Kişisel bakımı için ise doğanın verdiklerini birbirine kattığını ifade eden Özcan “Kil, karbonat ve doğal zeytinyağı sabunu hammaddelerim, bunlara bir de yeni yeni öğrendiğim aromaterapinin bir parçası olan uçucu ve sabit yağları ekliyorum. Diş macunum, ağız çalkalama suyum, yüz toniğim, yüz ve vücut nemlendiricilerim, gece serumum, makyaj temizleyicim, saç bakım yağım ve çeşit çeşit bakım malzemelerini, maskelerini kendim yapıyorum.” diyor.

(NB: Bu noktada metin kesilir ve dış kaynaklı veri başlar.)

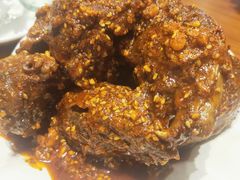 麻辣兔头-老号尤兔头(幸福店)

Ayrıca Özcan, bu ürünlerle birlikte kullandığı temizlik bezlerini, kağıt olmayan mutfak havlularını, makyaj temizleme pedlerini de evdeki artık malzemelerden ürettiğini ifade ediyor.
Doğayı korumanın başlıca yolunun tüketimimizi azaltmak olduğunu belirten Özcan, yediklerimizden giydiklerimize kadar tüm tüketimlerimizi gözden geçirmemiz gerektiğini söylüyor. Atıksız yaşama adım atmak isteyenlere hemen işe koyulmalarını öneren Özcan “Nereden başladıkları değil, derhal başlayıp başlamadıkları önemli aslında. Ama illa ki bir başlangıç fikri gerekliyse bez çanta, fileler ve keseler, cam kavanozlar edinerek ve alışverişlerinde bunları kullanarak başlasınlar, tabii tek kullanımlık plastik şişeler gibi şeyler yerine de matara ve çatal kaşık taşımak önemli. Şunu söylemek gerekir, sıfır atığın ilk adımı elinizdeki ürünleri sonuna kadar kullanmaktır. Ayakkabıysa parçalanana kadar, diş macunuysa bitene kadar, bıçaksa artık bileylenerek keskinleşemeyecek hale gelene kadar. Ben buna o eşyayı eve geldiğine pişman etmek demeyi seviyorum. O plastik içeren ya da kimyasal içeren ürünlerin iliğini kemiğini sömürdükten sonra, yeni bir şey alırken en atıksız ve doğal seçeneğe yönelmek gerekiyor. Atıksız yaşam bu şekilde yürüyor, her an her ihtiyacın en zararsız nasıl karşılanacağını düşünerek.” diyor.
KÜÇÜK ADIMLARLA DEĞİŞİM
@minimaladim hesabından minimalizme dair paylaşımlar yapan ve çeşitli tarifler paylaşan Aslı Kundakcı ise atıksız yaşama satın aldıklarını sorgulayarak başladığını söylüyor. Geçişin kolay olmadığını belirten Kundakcı “Ürün içeriklerindeki kimyasalların sadece bana değil, ekolojik döngüde doğaya ve hayvanlara da zarar vermesi söz konusu olunca bu süreçte kontrol edilemeyen ve müdahale edilmesi gereken bir şeyler olduğunu anlamıştım. Çünkü dünyadaki kaynaklarımız sınırlı ve bizden sonraki neslin bizim bencilliğimizle daha kötü bir hayata mahkum edilmesi kabul edilemez.” diye ifade ediyor.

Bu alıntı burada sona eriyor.